You've probably never thought, "My portfolio needs more pork," or, "Let's add some sugar to these stocks." And there's a reason for that. It's what farmers call "stupid." In most cases, the only ones getting rich from commodity funds are the people who sell them.
You can, however, make a modest case for adding a diversified commodity fund to your portfolio. It's a thin case, though, and it's only if you expect a return to '70s-style inflation.
Let's start with the obvious: Unless you have great insights into the sugar industry or the steel industry, you have no business investing in the insanely focused commodity investments now available. For example, iPath sells an exchange traded note that tracks the Dow Jones-UBS Tin index. It's up 45% this year. Quick, what's the price of tin? If you don't know, you probably shouldn't buy the iPath UBS Tin ETN. (For what it's worth, tin sold for $6.90 a pound on the London Metals Exchange on Thursday.)
But here's a better question: What on earth is the iPath Dow Jones-UBS Tin Total Return ETN?

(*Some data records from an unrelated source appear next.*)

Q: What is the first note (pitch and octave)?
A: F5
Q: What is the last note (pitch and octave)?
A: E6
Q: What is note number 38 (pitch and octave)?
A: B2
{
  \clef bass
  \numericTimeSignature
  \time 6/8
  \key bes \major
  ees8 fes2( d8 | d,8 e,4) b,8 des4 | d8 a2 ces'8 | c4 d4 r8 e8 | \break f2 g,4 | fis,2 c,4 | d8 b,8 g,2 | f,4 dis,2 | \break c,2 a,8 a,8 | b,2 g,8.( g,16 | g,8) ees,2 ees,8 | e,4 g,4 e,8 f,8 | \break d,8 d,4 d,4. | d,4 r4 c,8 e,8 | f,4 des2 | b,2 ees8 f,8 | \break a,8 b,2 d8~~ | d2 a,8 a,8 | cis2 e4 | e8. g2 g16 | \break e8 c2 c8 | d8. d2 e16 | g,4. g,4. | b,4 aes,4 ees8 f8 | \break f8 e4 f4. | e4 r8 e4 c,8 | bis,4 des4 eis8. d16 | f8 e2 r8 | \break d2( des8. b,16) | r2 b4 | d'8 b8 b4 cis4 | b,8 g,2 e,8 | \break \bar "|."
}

An ETN is a credit obligation of the issuer — in other words, it's a promise to pay a certain amount at a certain time. Its ultimate value depends on the issuer's ability to pay the note at maturity. This particular ETN is issued by Barclays Bank, which is rated AA- by Standard & Poor's. Repayment isn't guaranteed by any federal agency. Students of recent history may recall that owning long-term unsecured debt can sometimes be problematic.

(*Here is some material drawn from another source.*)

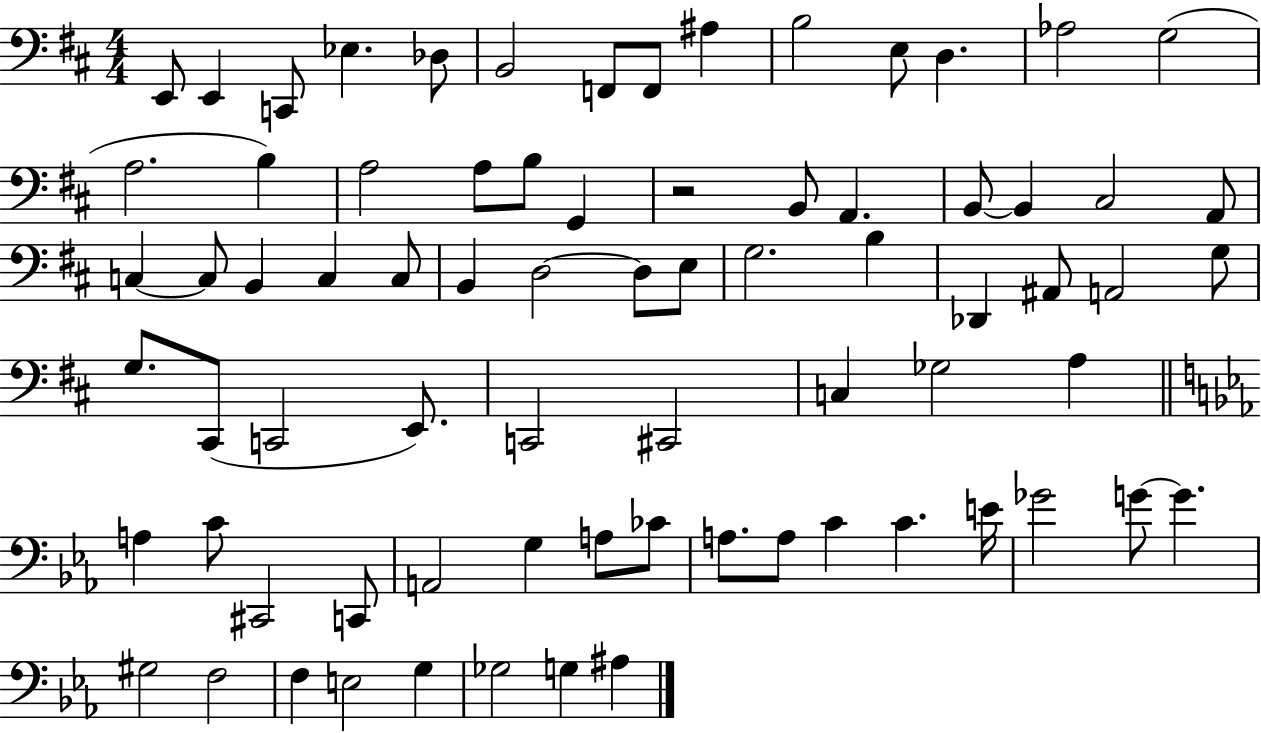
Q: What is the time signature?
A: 4/4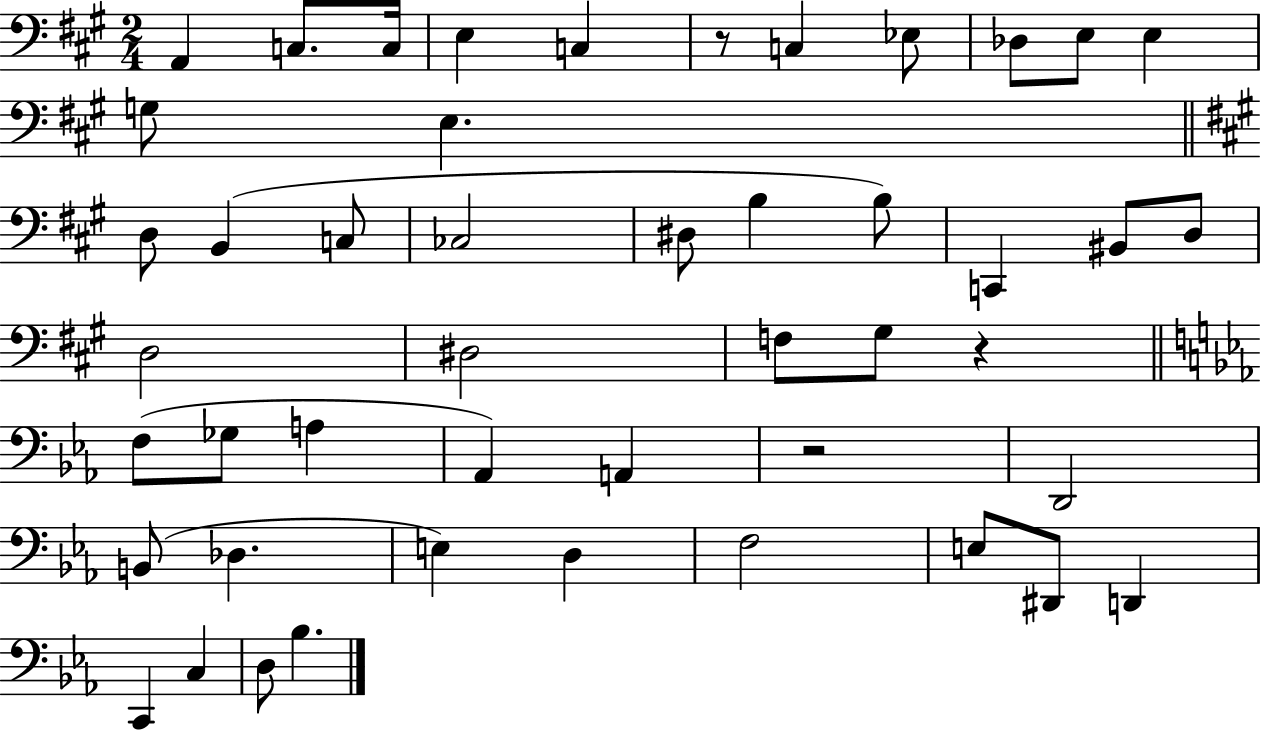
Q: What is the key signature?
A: A major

Commodity ETNs are generally linked to an index — in this case, the Dow Jones-UBS Tin subindex, which tracks the value of tin futures. You can buy and sell ETNs on the stock exchanges, and their market value typically follows the price of the underlying index, minus the issuer's annual fee.

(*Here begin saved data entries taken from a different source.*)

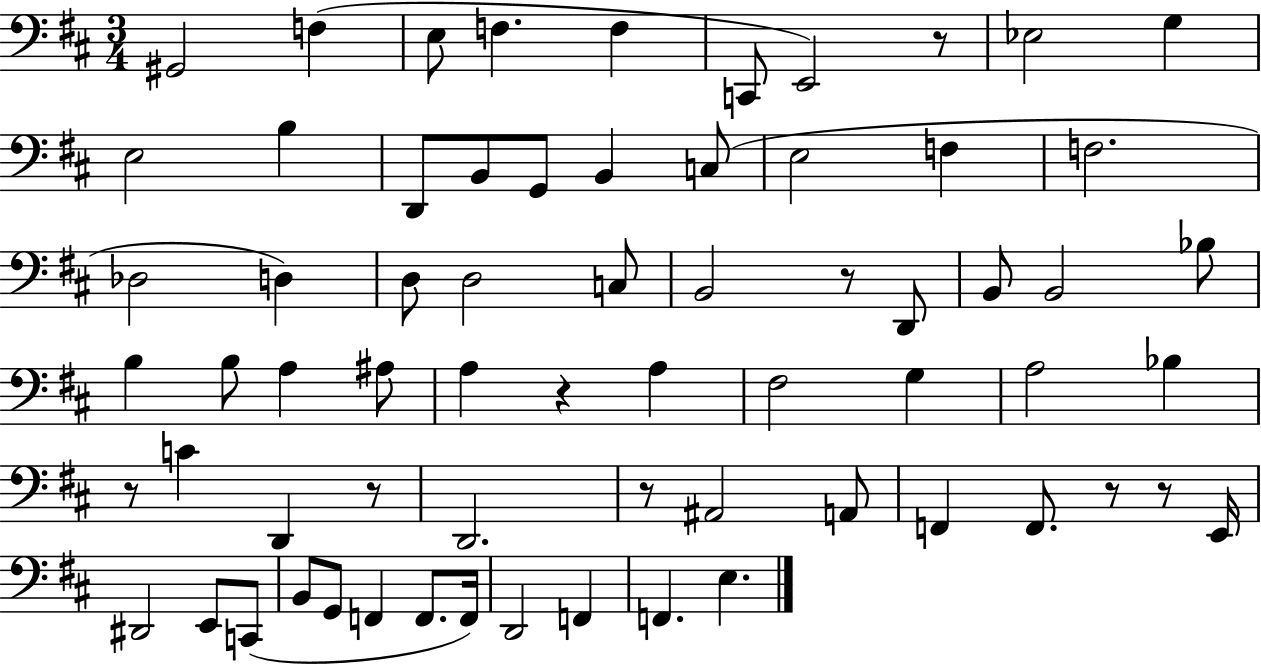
X:1
T:Untitled
M:3/4
L:1/4
K:D
^G,,2 F, E,/2 F, F, C,,/2 E,,2 z/2 _E,2 G, E,2 B, D,,/2 B,,/2 G,,/2 B,, C,/2 E,2 F, F,2 _D,2 D, D,/2 D,2 C,/2 B,,2 z/2 D,,/2 B,,/2 B,,2 _B,/2 B, B,/2 A, ^A,/2 A, z A, ^F,2 G, A,2 _B, z/2 C D,, z/2 D,,2 z/2 ^A,,2 A,,/2 F,, F,,/2 z/2 z/2 E,,/4 ^D,,2 E,,/2 C,,/2 B,,/2 G,,/2 F,, F,,/2 F,,/4 D,,2 F,, F,, E,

You'll notice that the top-performing commodity investments the past 12 months (see chart) are all specialized ETNs. If the ETN part of the investment doesn't worry you, the fact that they are so specialized probably should, because forecasting commodity prices is tough. Just 17 people say they called the recent rise in sugar prices correctly, and you shouldn't believe 15 of them.
You can, however, make a case for owning a small stake in a broad-based commodity fund. Commodity prices tend to have a poor correlation with stocks and bonds, which means they don't necessarily move in lockstep with each other. That's a good thing: If stocks go down, commodities could go up, cushioning the financial pain of a broad-based stock sell-off.
The Commodity Research Bureau index of commodity prices has just a 10.5% correlation with the S&P 500-stock index since 1959, which is exceptionally low. A 1983 study by Harvard professor John Lintner showed a very low correlation between managed commodity futures pools and stocks, and suggested that adding modest amounts of commodities to a stock portfolio can increase performance and decrease risk.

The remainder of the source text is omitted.